To do - Although the records include pictures, print only the rest, exactly as written.
------------------------------------------------------------
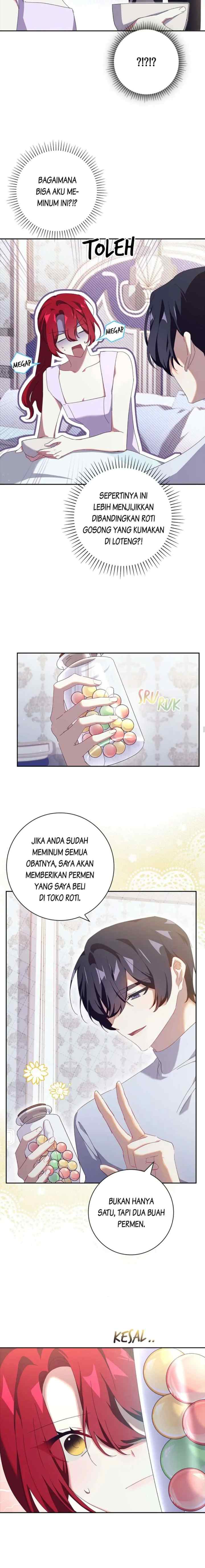 Attic Princess chapter 51 halaman 6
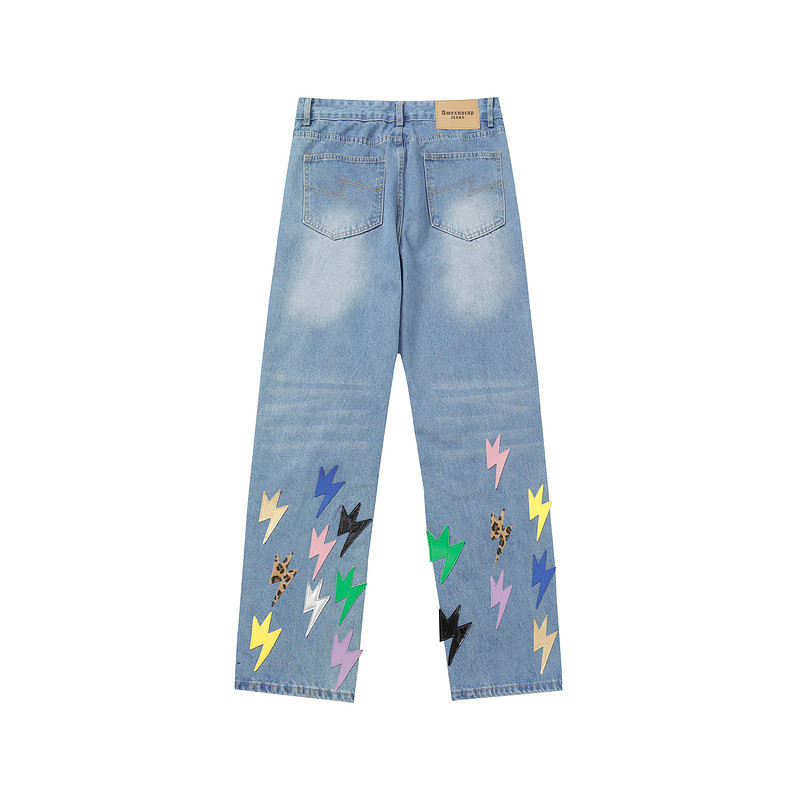 Aceshoe Jeans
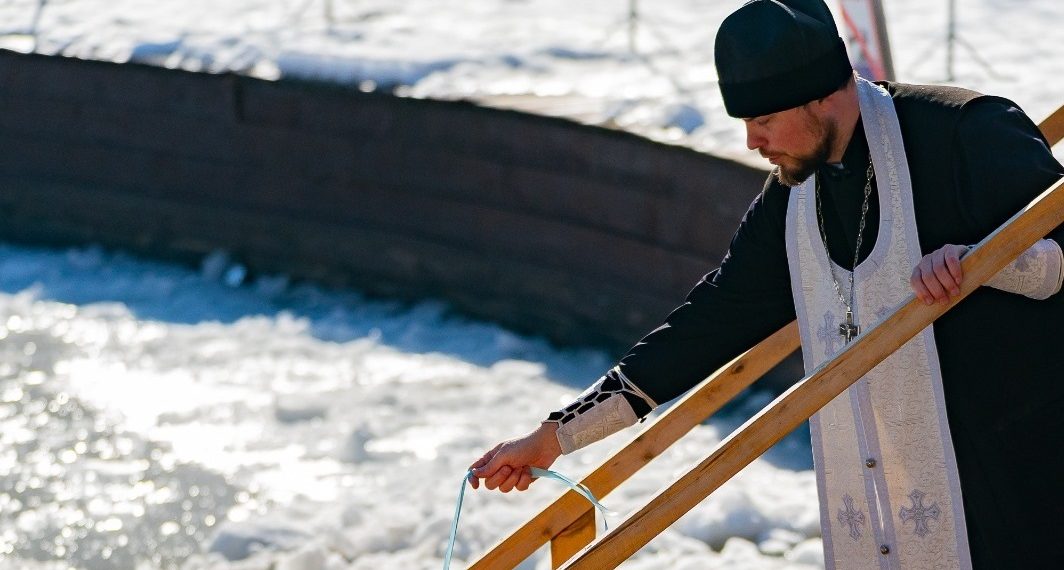 Крещенские купания пройдут на «Роза Хутор»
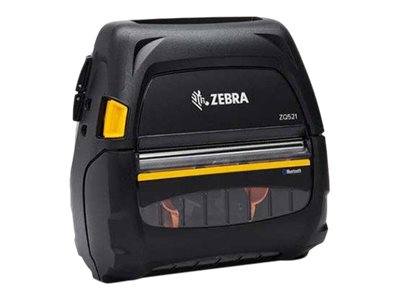 Zebra ZQ500 Series ZQ521 - Extended Battery Version - Etikettendrucker - Thermodirekt - Rolle (11,3 cm)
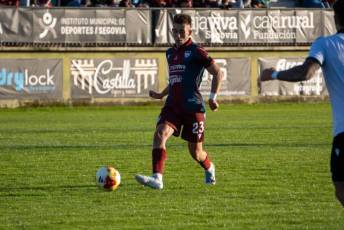 Fotogalería Gimnástica Segoviana VS Burgos CF B 18 Gimnástica Segoviana VS Burgos CF B - Héctor Criado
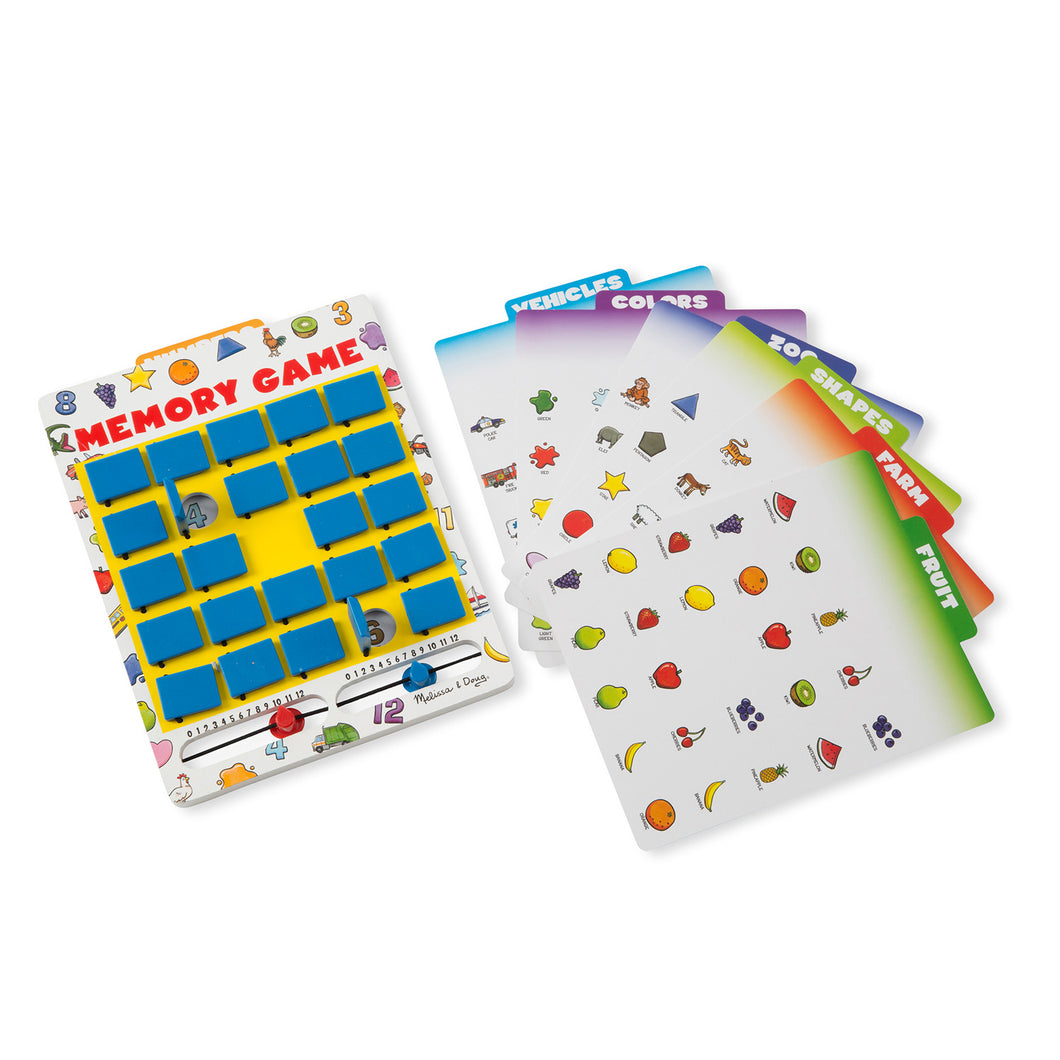 Melissa & Doug Flip Memory Game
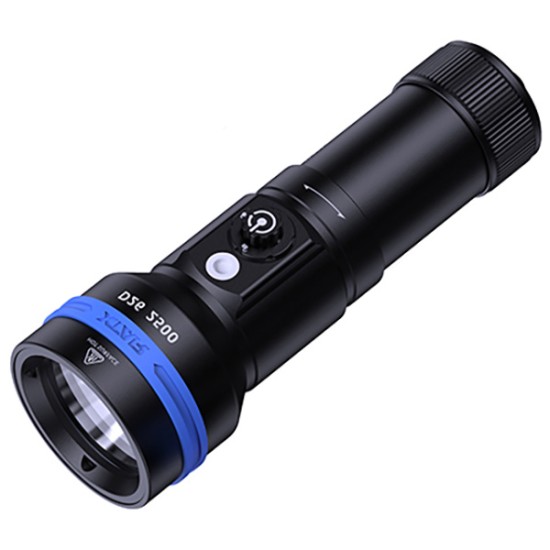 XTAR D26 DIVE LIGHT 2500lm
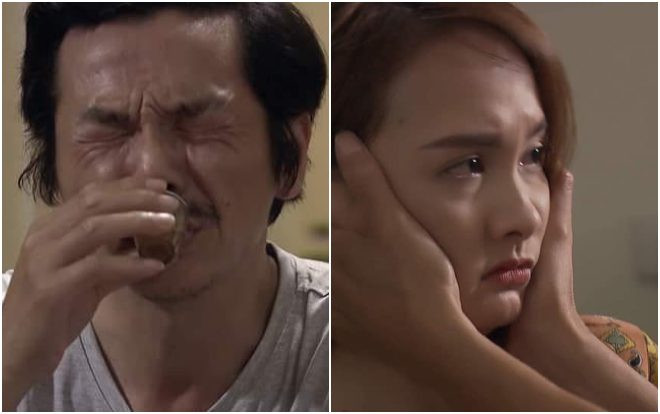 Về Nhà Đi Con tập 69: Khán giả bật khóc rưng rức vì bố Sơn, đồng loạt bình luận: 'Thôi! Về nhà đi Thư!' Ảnh 2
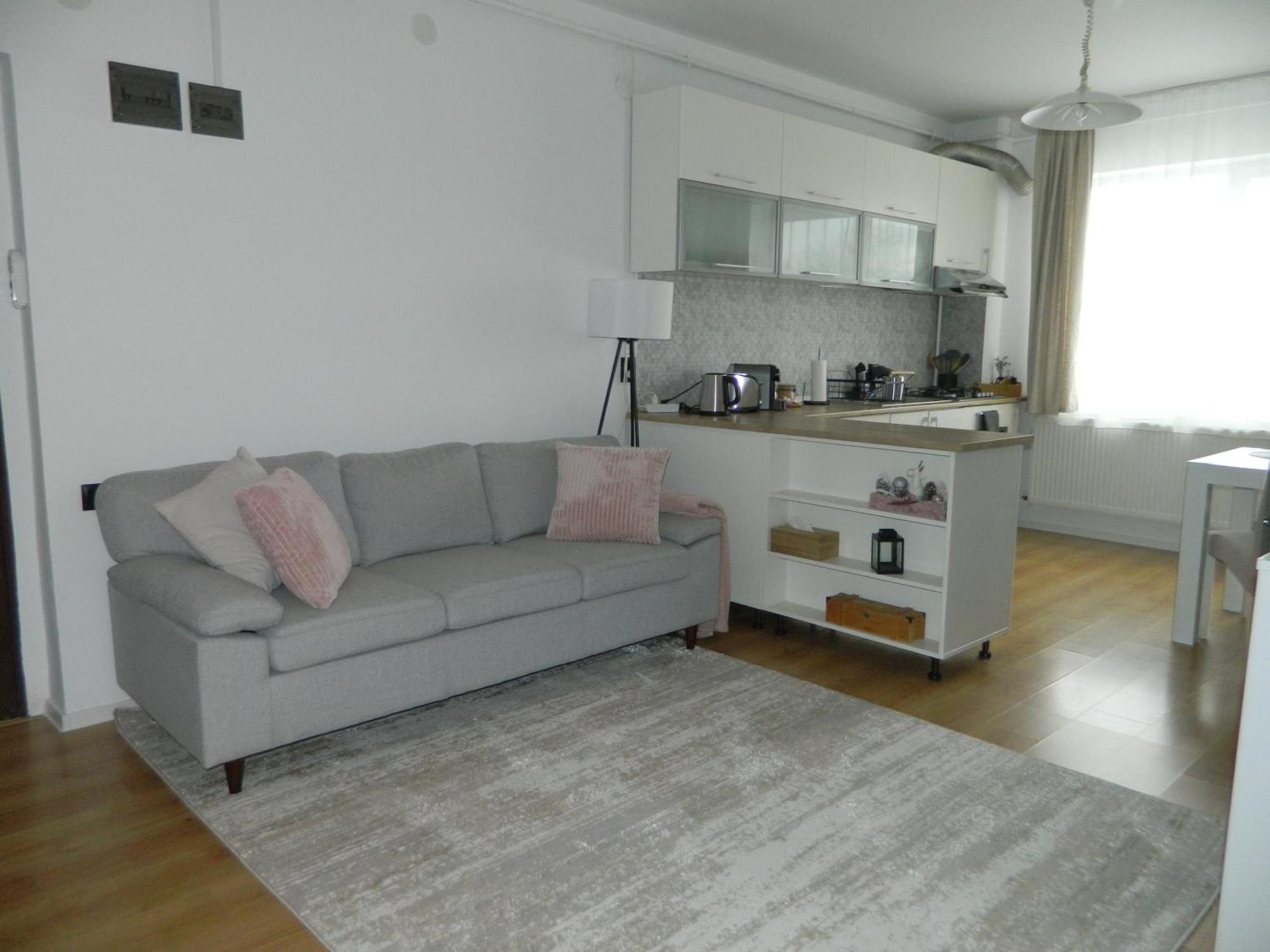 Magda Apartment Sibiu Exteriör bild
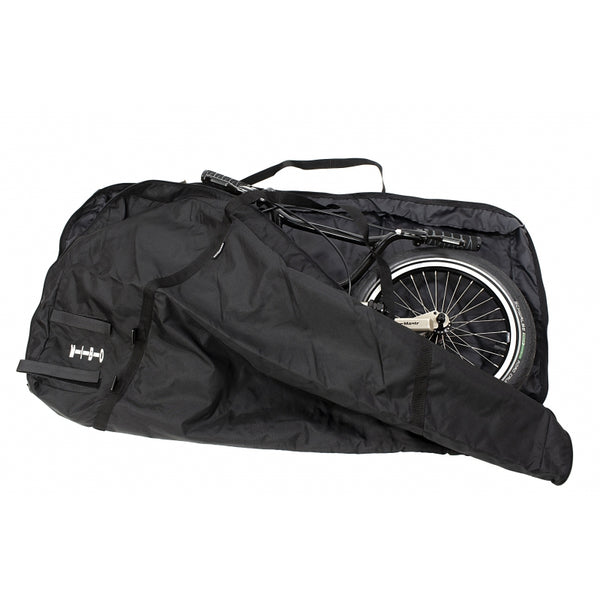 travel bag mibo tiny / mastr -black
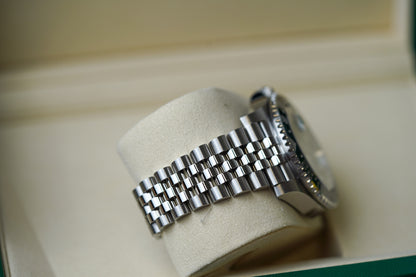 Rolex GMT Master II 126710GRNR 'Bruce Wayne' Jubilee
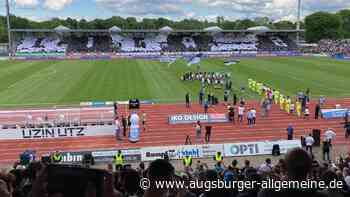 Die Meisterfeier im Live-Blog: SSV Ulm führt dank Scienza schon 1:0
------------------------------------------------------------
Response to the task -
 Attic Princess chapter 51 halaman 6
 Aceshoe Jeans
 Крещенские купания пройдут на «Роза Хутор»
 Zebra ZQ500 Series ZQ521 - Extended Battery Version - Etikettendrucker - Thermodirekt - Rolle (11,3 cm)
 Fotogalería Gimnástica Segoviana VS Burgos CF B 18 Gimnástica Segoviana VS Burgos CF B - Héctor Criado
 Melissa & Doug Flip Memory Game
 XTAR D26 DIVE LIGHT 2500lm
 Về Nhà Đi Con tập 69: Khán giả bật khóc rưng rức vì bố Sơn, đồng loạt bình luận: 'Thôi! Về nhà đi Thư!' Ảnh 2
 Magda Apartment Sibiu Exteriör bild
 travel bag mibo tiny / mastr -black
 Rolex GMT Master II 126710GRNR 'Bruce Wayne' Jubilee
 Die Meisterfeier im Live-Blog: SSV Ulm führt dank Scienza schon 1:0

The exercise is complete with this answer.